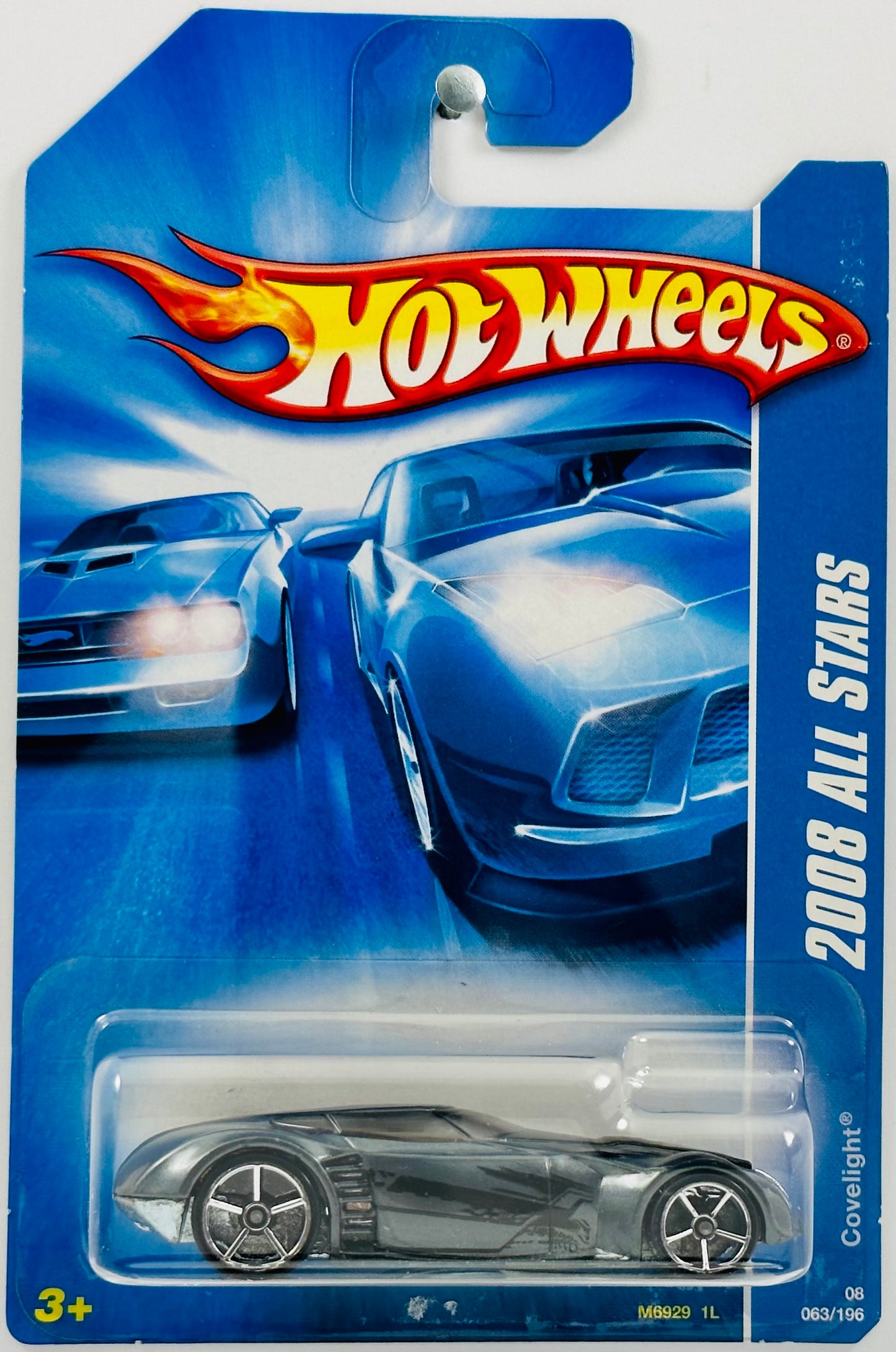 Hot Wheels 2008 - Collector # 063/196 - All Stars 23/36 - Covelight - Metalflake Dark Gray - USA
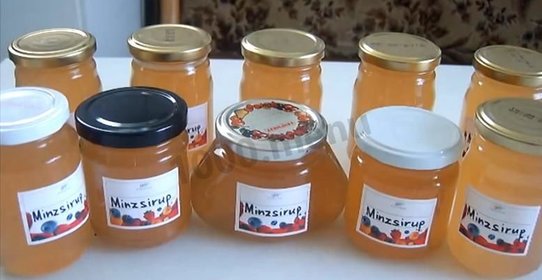 Мятное варенье из мяты с лимоном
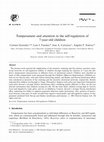 Research paper thumbnail of Temperament and attention in the self-regulation of 7-year-old children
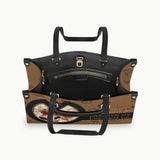 Touch This And I Will Bite You - Personalized Travelling Leather Handbag
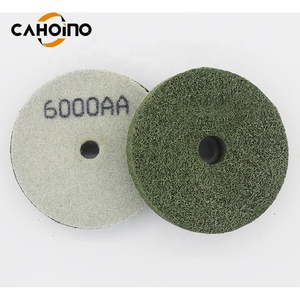 Éponges <span class=keywords><strong>abrasives</strong></span> en fibre de 4 pouces pour le polissage du marbre - Product Image 5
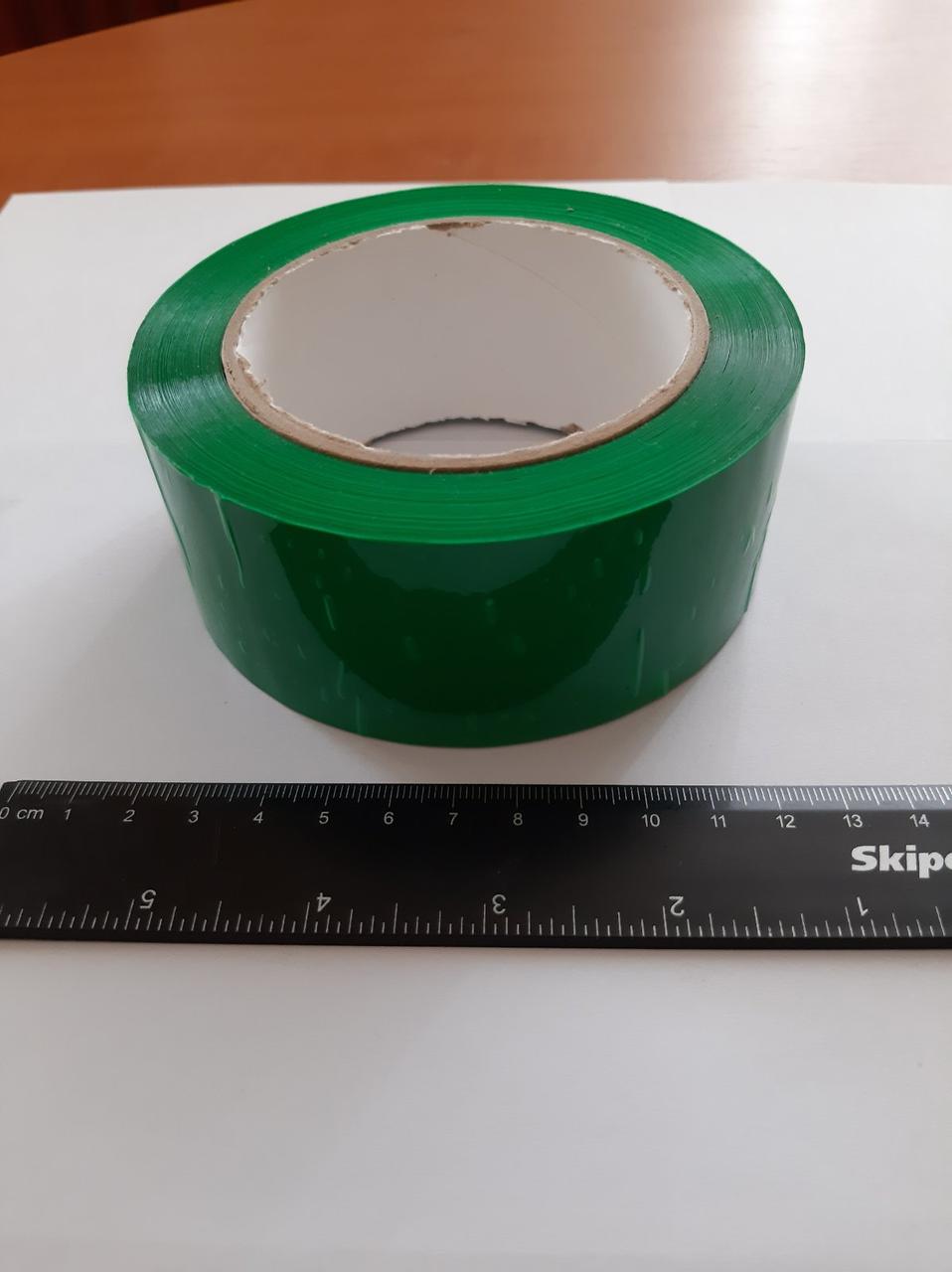 Скотч пакувальний зелений 45мм х 200м (6шт. в упаковці) - фото 3 - id-p1230569304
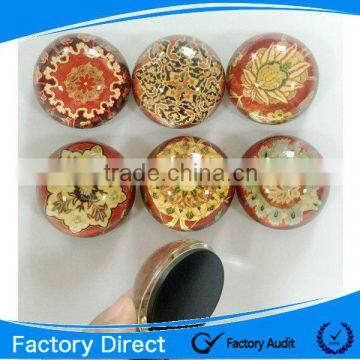 2015 Customized Dome Crystal Glass Fridge Magnet photo-2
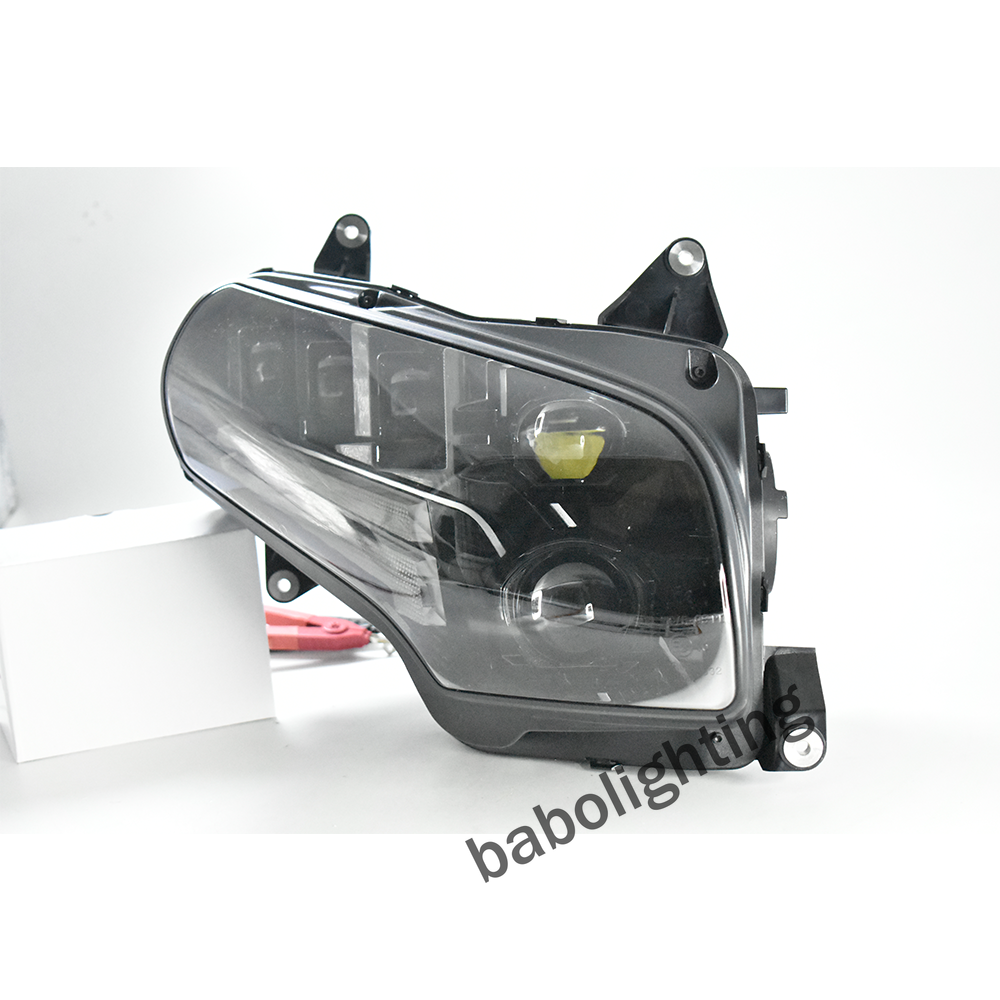 LED Adjustable Beam Headlight with Daytime Running Lights Hi/Lo Beam for Honda Gold Wing GL1800 2001-2017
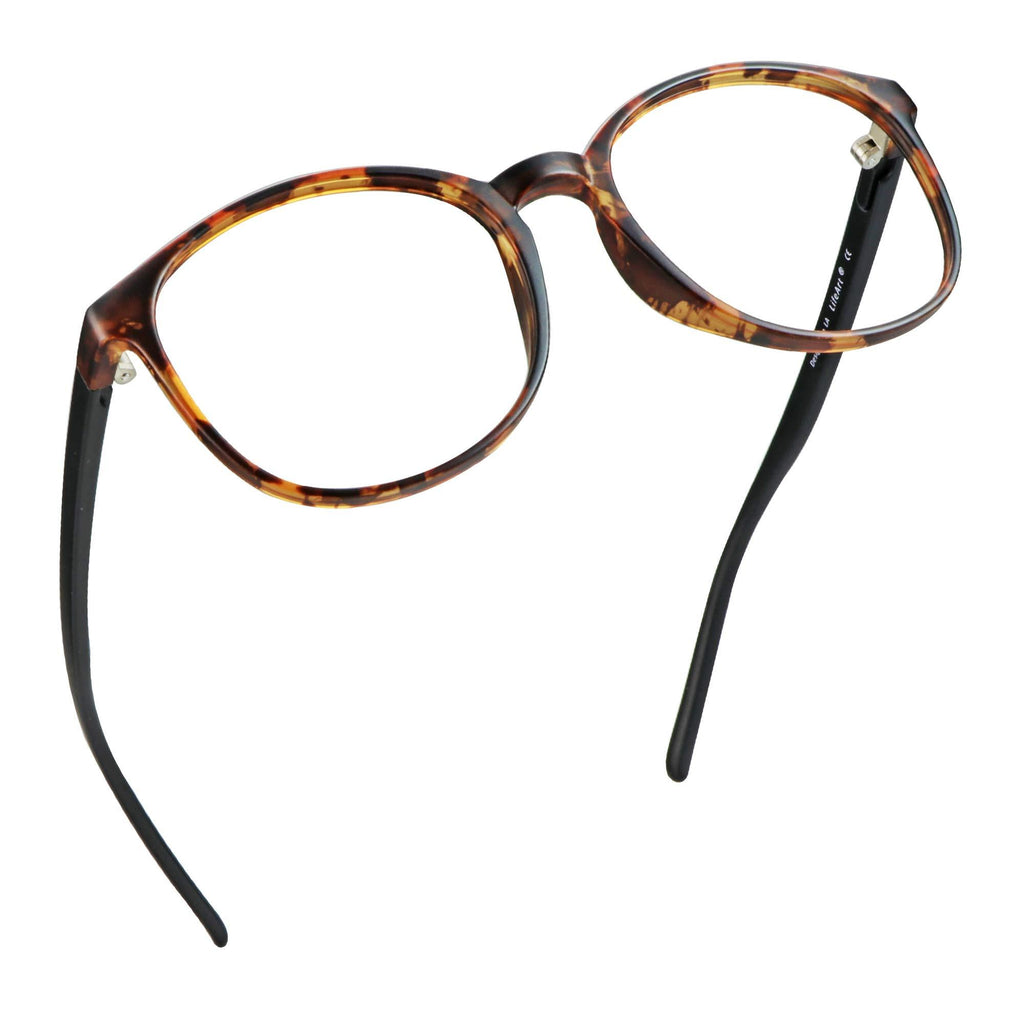 LifeArt Blue Light Blocking Glasses, Anti Eyestrain, Computer Reading Glasses, Gaming Glasses, TV Glasses for Women Men, Anti Glare (Tortoise, No Magnification) +0.00(No Magnification) 01_days_tortoise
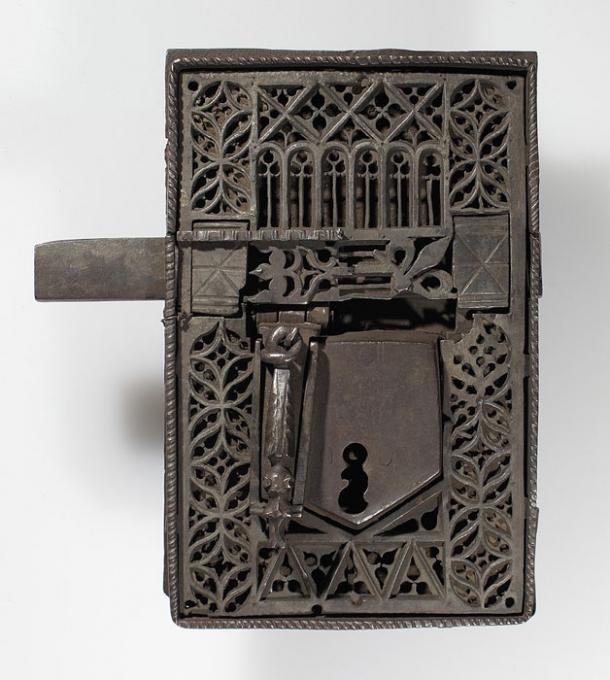 A medieval Gothic lock, from the 15th–16th centuries AD, made of iron, in the Metropolitan Museum of Art (New York City). (Metropolitan Museum of Art / CC0)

• • •

▶ Task item
Leaving out every picture, copy exactly the lines from the one that contains "LifeArt Blue Light" through the end of the entries above.

▶ Exercise output
 LifeArt Blue Light Blocking Glasses, Anti Eyestrain, Computer Reading Glasses, Gaming Glasses, TV Glasses for Women Men, Anti Glare (Tortoise, No Magnification) +0.00(No Magnification) 01_days_tortoise
 A medieval Gothic lock, from the 15th–16th centuries AD, made of iron, in the Metropolitan Museum of Art (New York City). (Metropolitan Museum of Art / CC0)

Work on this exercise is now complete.